Gaby didn't get back to the cottage until past seven o'clock. She peeled off her sodden layers of clothing inside the door, then ran up the stairs to towel her hair and pull on her thick dressing-gown. A few minutes later she went into the sitting room, put more logs on the dying fire and blew on the embers to get it going again. Next, she went into the kitchen and considered what to eat that evening. She opened the fridge and studied the food Connor had given her. Tomorrow, she thought, she would have the lasagne, but tonight she would make herself bacon and eggs, mopped up with a baguette and swilled down with mugs of strong tea. She remembered seeing tins on the shelf in the larder and when she went to look, she found baked beans. Better and better – Connor hated baked beans and Gaby couldn't remember the last time she'd eaten them. Perhaps she'd even have the meal in bed, with blankets piled on top of the duvet, and
David Copperfield
open in front of her.

Which was what she ended up doing. She left the curtains in the bedroom open so she could see out of the window from where she lay propped up in bed, several pillows behind her back, the hot-water bottle at her feet
and on her lap a plate of bacon covered with broken, oozing egg and sticky orange beans, that she pushed onto her fork with pieces of buttered baguette. The rain continued, and when she snuggled down under the duvet and closed her eyes, its steady patter against the pane comforted her. It was the last thing she heard as she sank into sleep.

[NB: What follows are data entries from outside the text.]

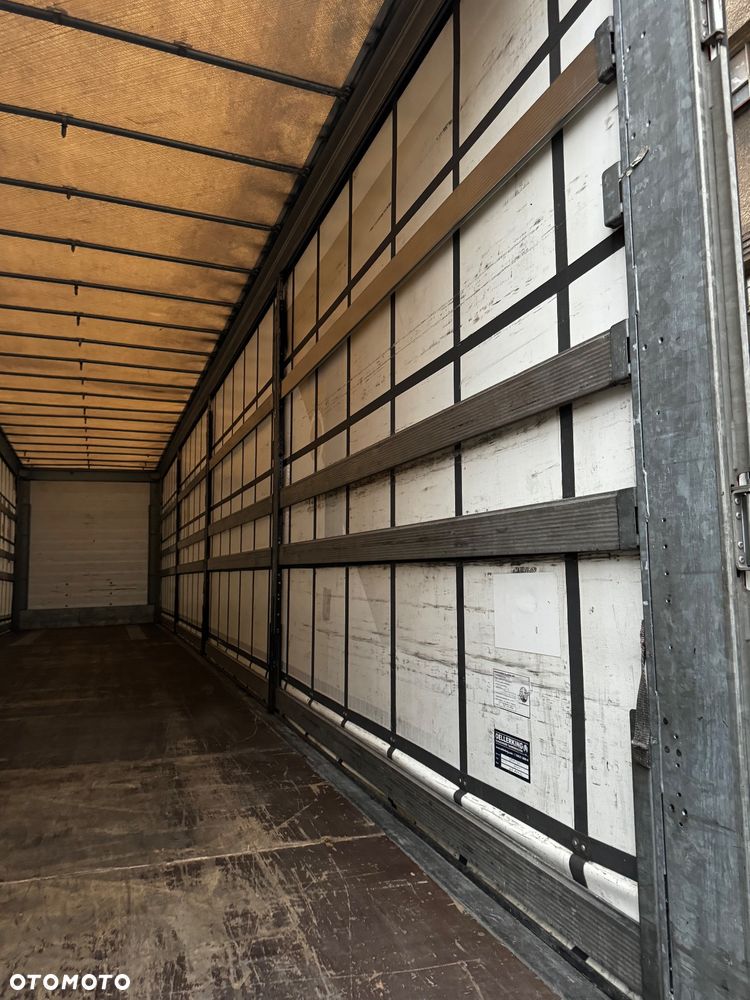 Schmitz Cargobull SCB S3T - 11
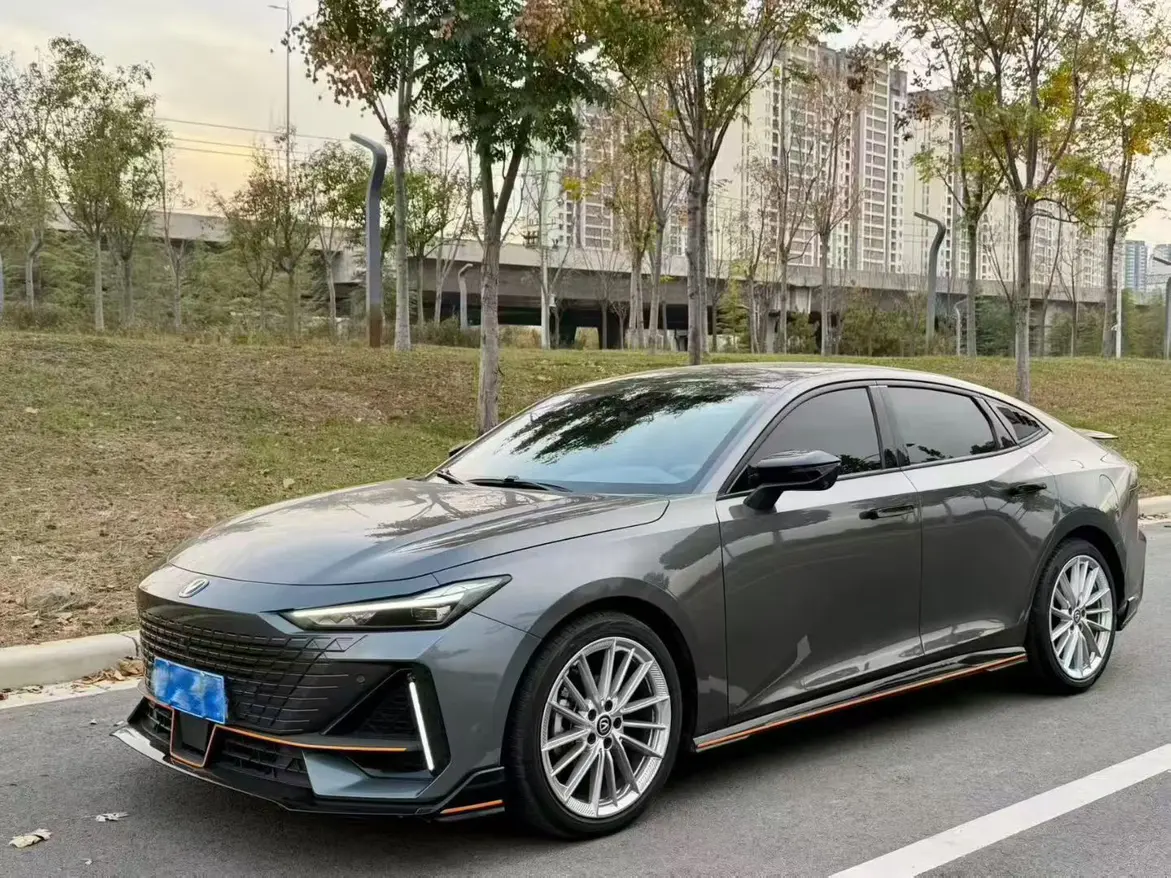 Changan UNI-V  из Китая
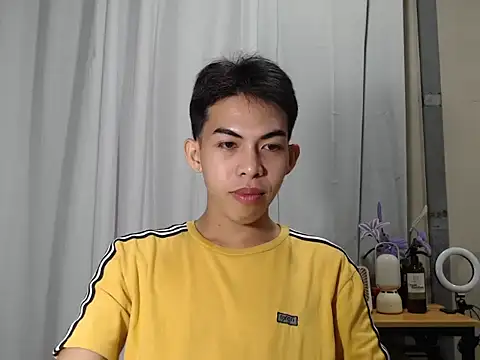 Snapshot of Urhotsilverboy chatting on November 30, 4:11 pm Urhotsilverboy online show from November 30, 4:11 pm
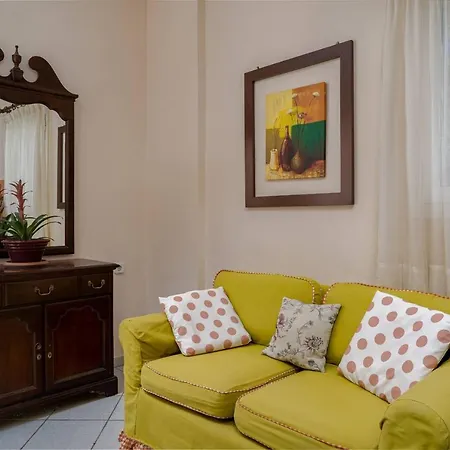 Phoenix Apartment *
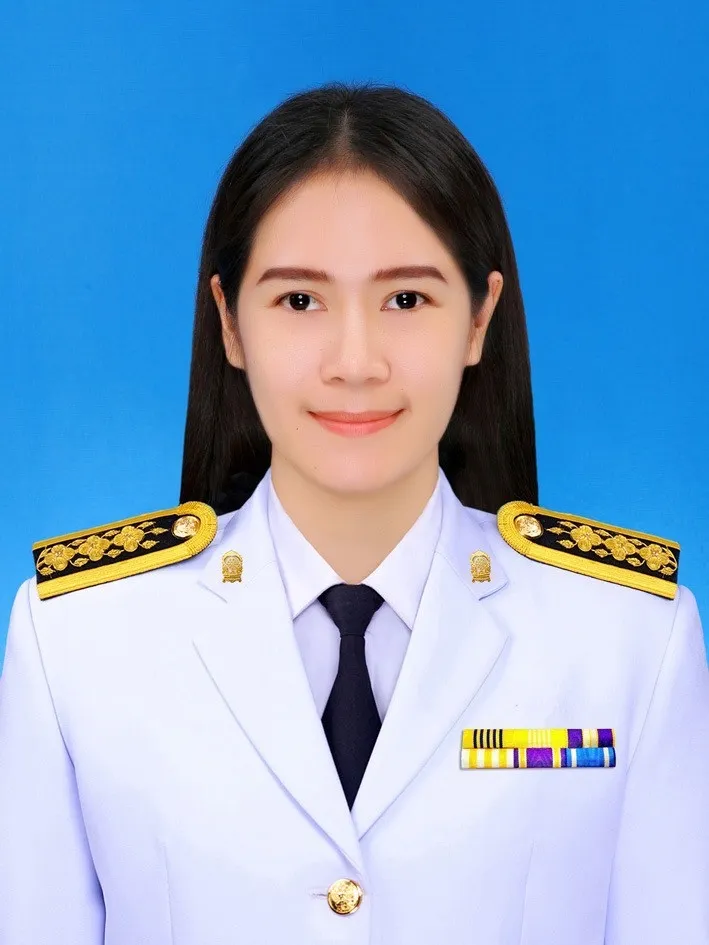 นางสาวภารตา จันทร์สว่าง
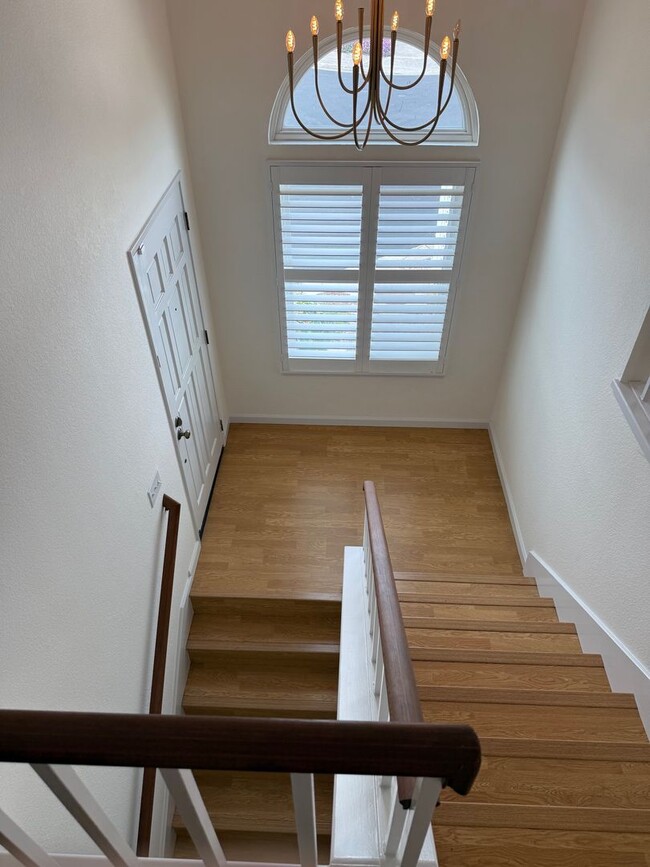 Building Photo - Alameda's most sought after gated communit...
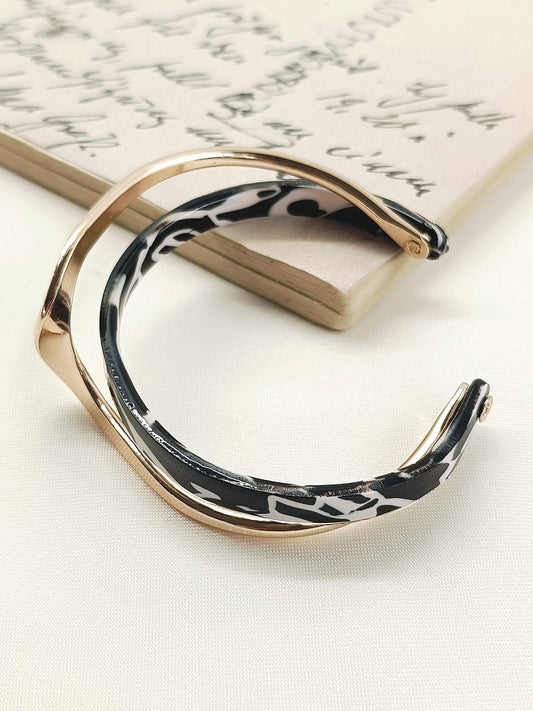 Girija Black Western Bracelet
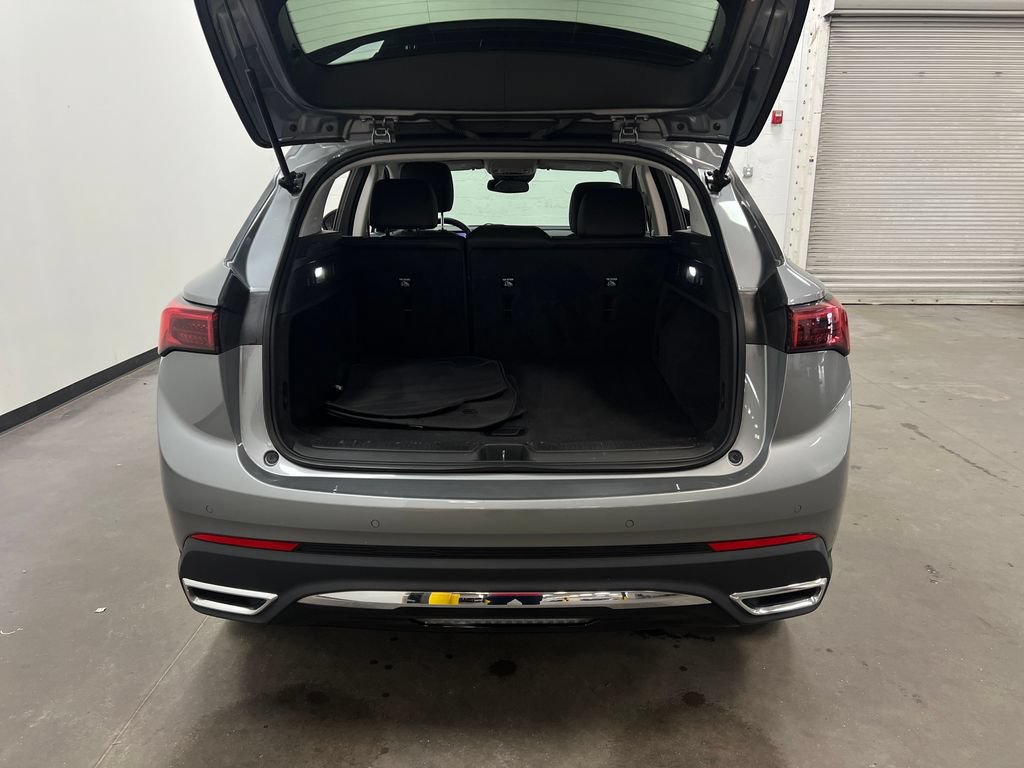 Used 2024 Buick Envision Preferred AWD/4WD image 25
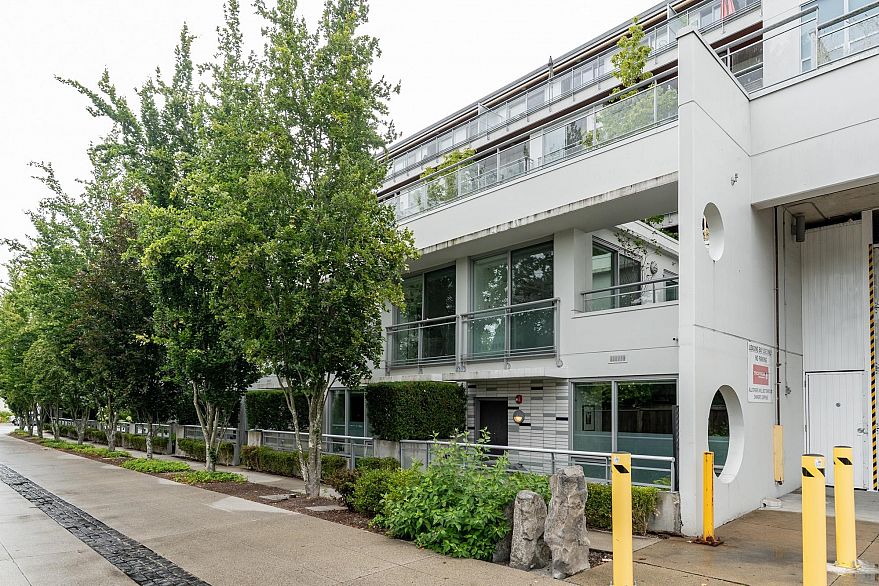 182 E 17th Avenue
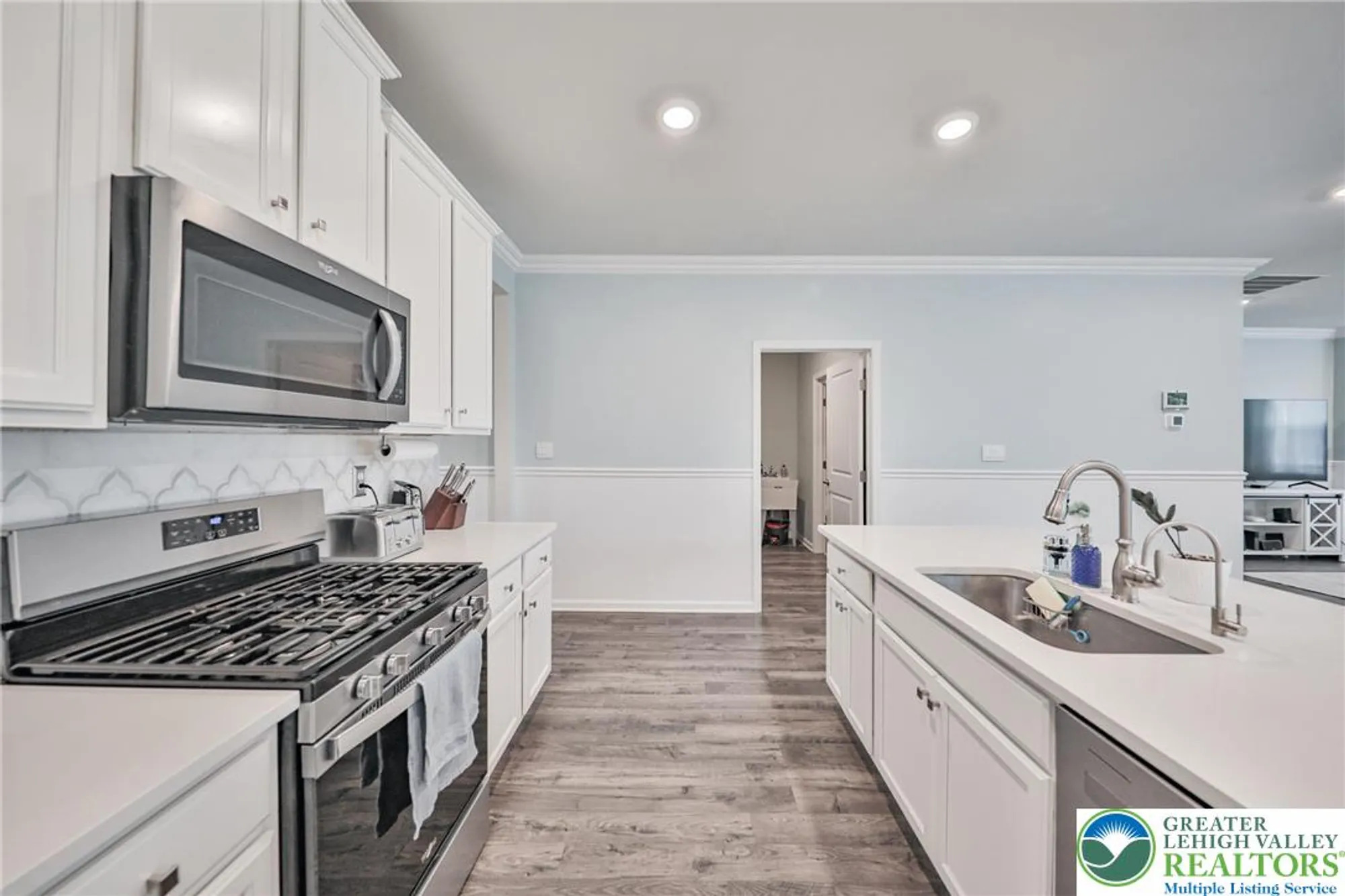 Property Slideshow image 4 of 18 | 8005 august ave, Breinigsville, PA, 18031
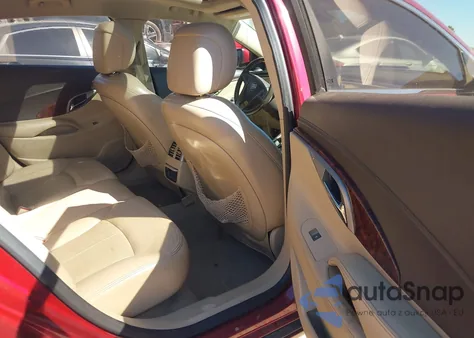 2010 Buick Lacrosse Cxs z USA, uszkodzony, nr VIN 1G4GE5GV4AF172413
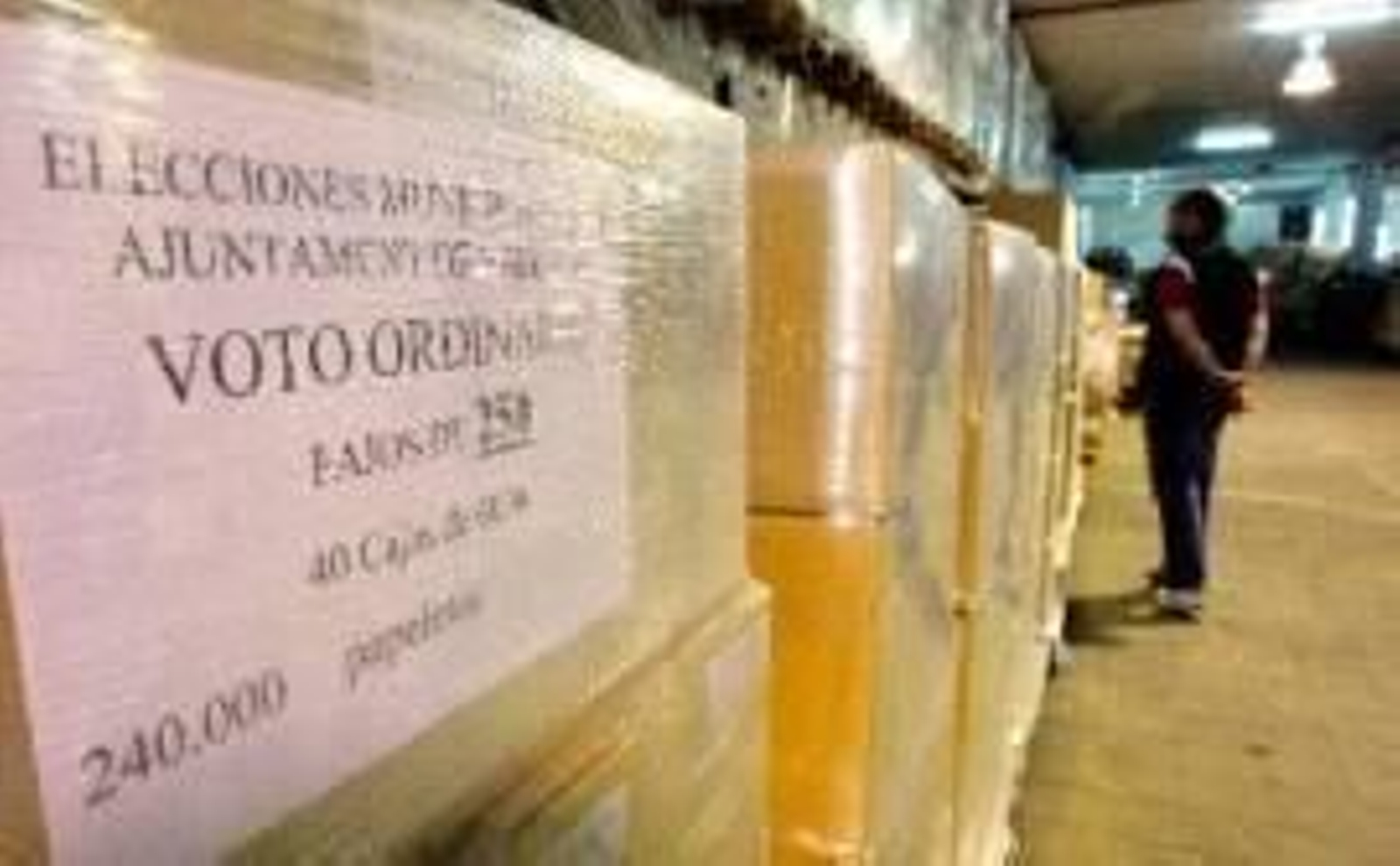 Material electoral en una oficina de correos.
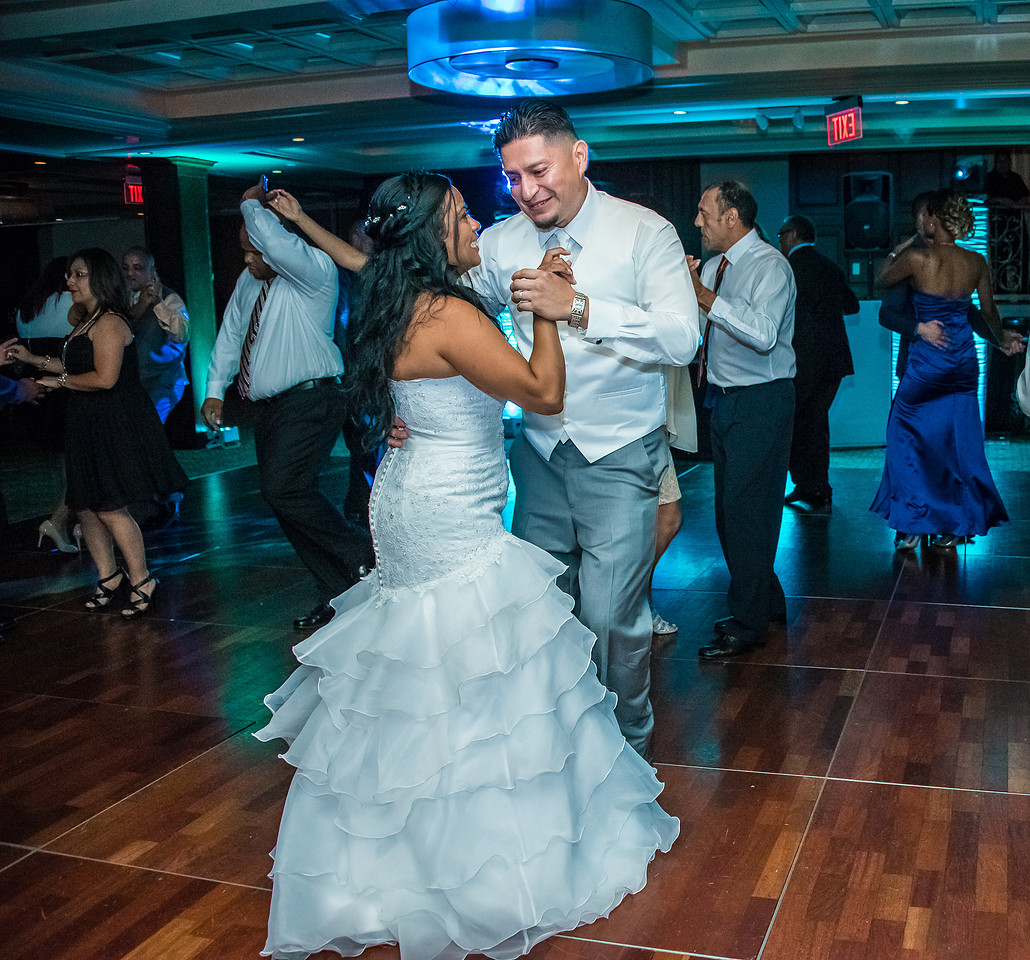1,cherryville-photography-clinton-hunterdon-county-NJ-wedding-photographer, cute-sweet--fun-must-have-bride-groom-picture-the-imperia
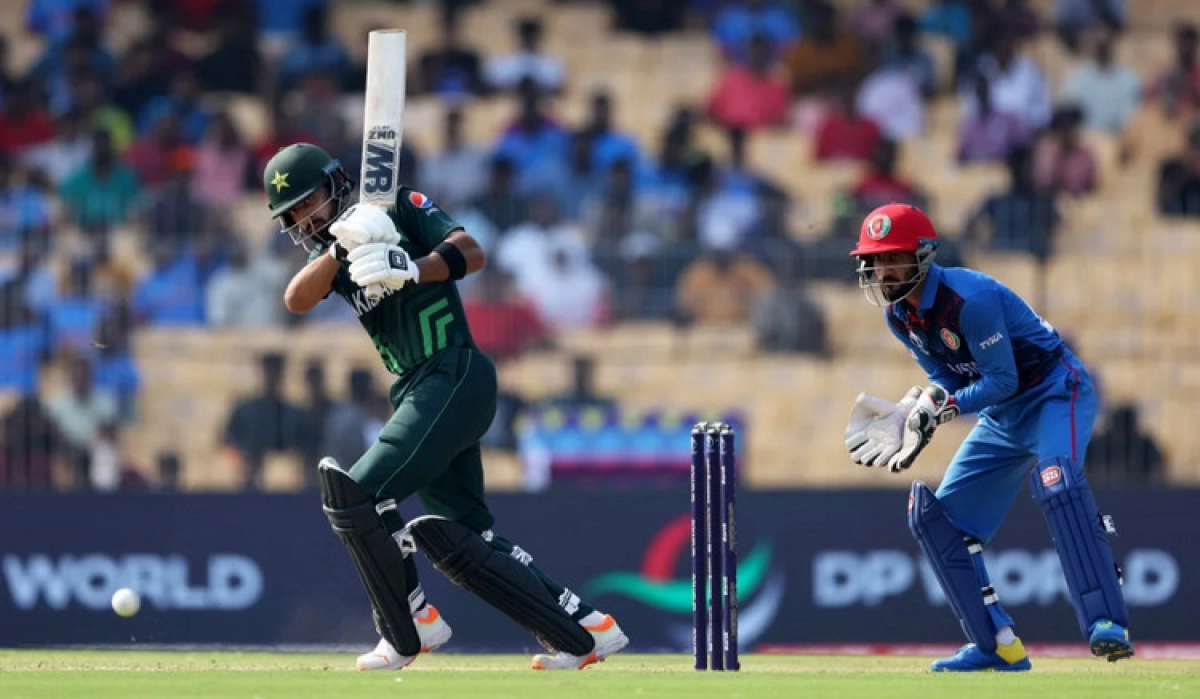 টানা ৩ উইকেট হারিয়ে বিপাকে পাকিস্তান, দেখুন সর্বশেষ স্কোর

She woke with a start, confused. Where was she? She gazed out of the window, wondering if a sound apart from the rain and the wind had woken her, then, just as she was about to slide back to unconsciousness, a thought snagged her and she groaned. She had left the car door open when she was trying to light the stove with its cigarette lighter. The interior lights had been on for hours, and now the battery would probably be flat. She knew she should go and shut it, but her bed was piled high with blankets and the place where she lay was so beautifully warm. She folded herself up more tightly in the duvet and laid her arm over her eyes to shut out any vestige of light.